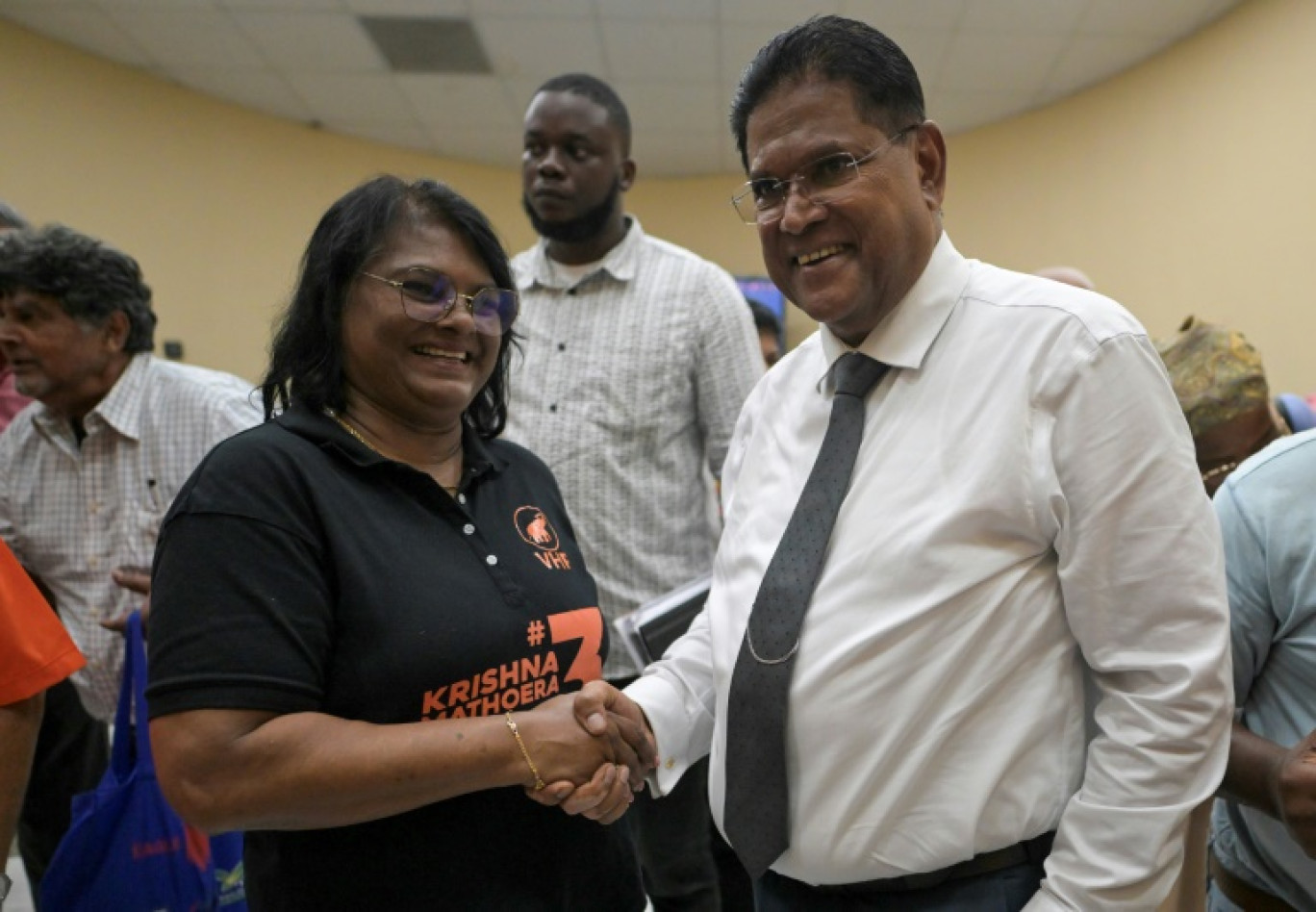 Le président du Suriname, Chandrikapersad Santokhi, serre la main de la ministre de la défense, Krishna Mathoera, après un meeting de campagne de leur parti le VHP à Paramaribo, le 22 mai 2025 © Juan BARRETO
· · ·
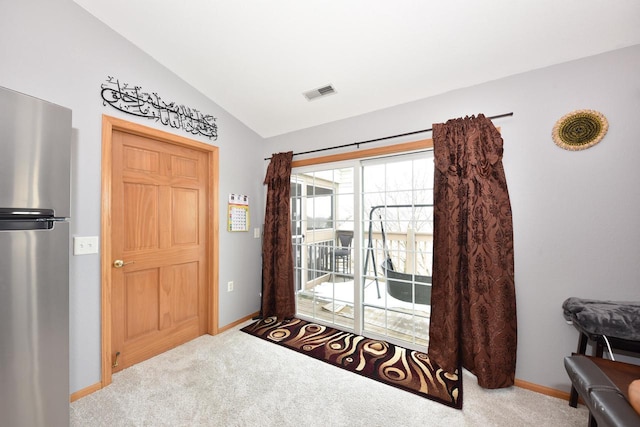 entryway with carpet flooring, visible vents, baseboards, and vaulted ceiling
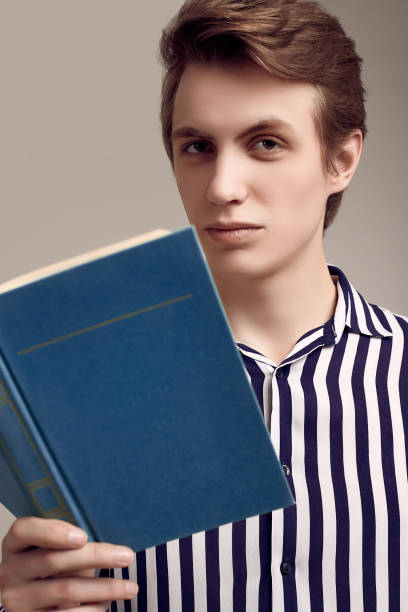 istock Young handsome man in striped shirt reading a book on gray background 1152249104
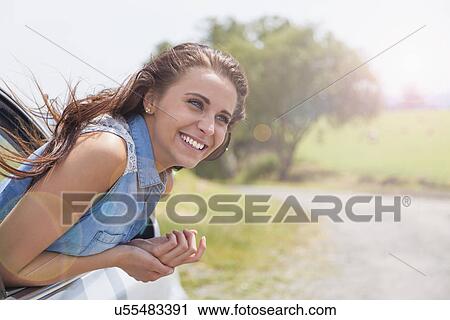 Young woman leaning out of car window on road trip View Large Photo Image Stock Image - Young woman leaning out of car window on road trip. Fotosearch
· · ·
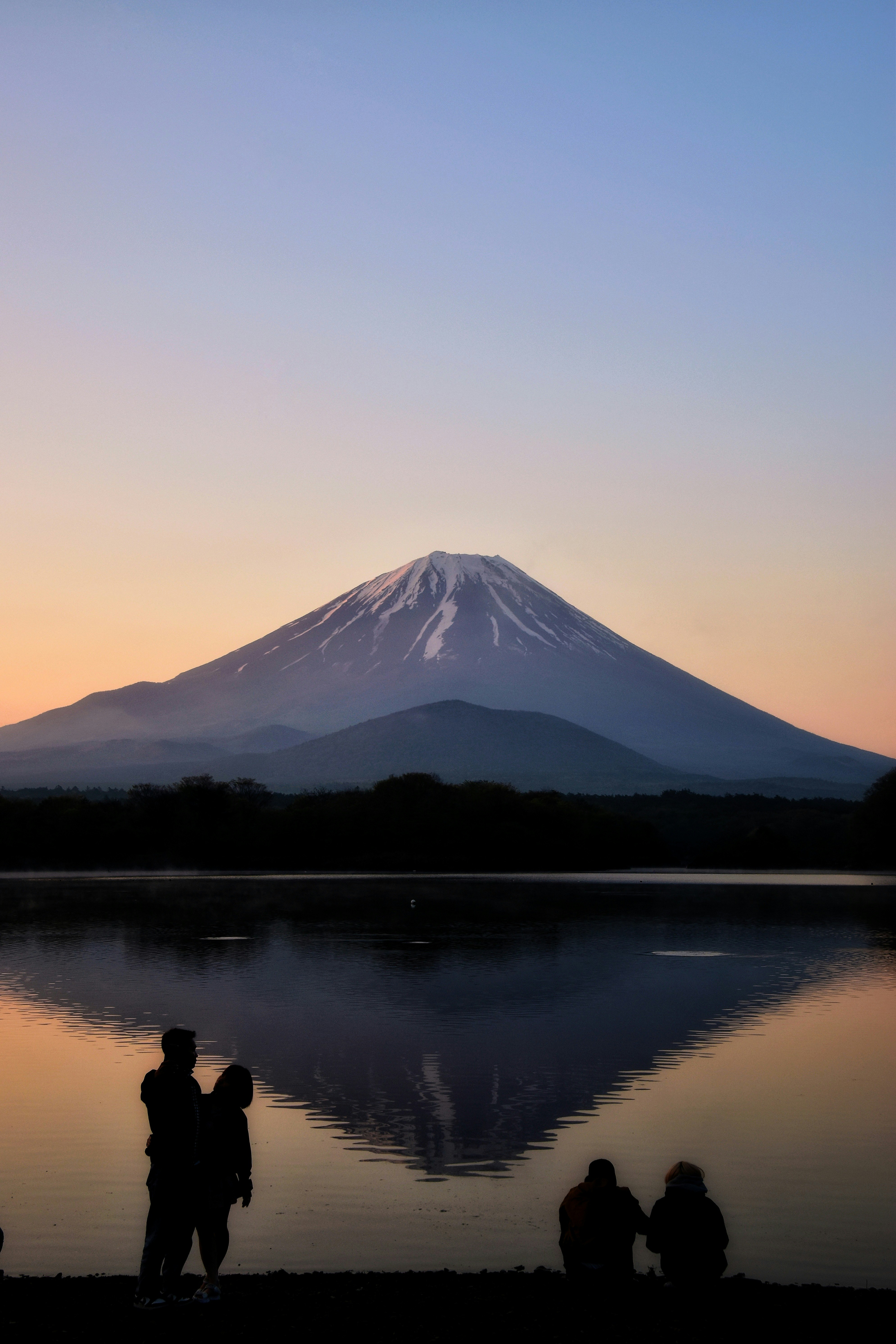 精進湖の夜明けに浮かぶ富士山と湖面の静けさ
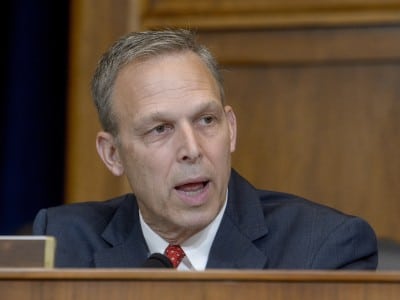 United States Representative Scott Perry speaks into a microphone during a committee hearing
· · ·
## Prompt:
Using the entries above, transcribe exactly from the line that has "istock Young handsome" through the line that has "Young woman leaning out of car window on road trip View". Pictures are dropped.

## Response area:
 istock Young handsome man in striped shirt reading a book on gray background 1152249104
 Young woman leaning out of car window on road trip View Large Photo Image Stock Image - Young woman leaning out of car window on road trip. Fotosearch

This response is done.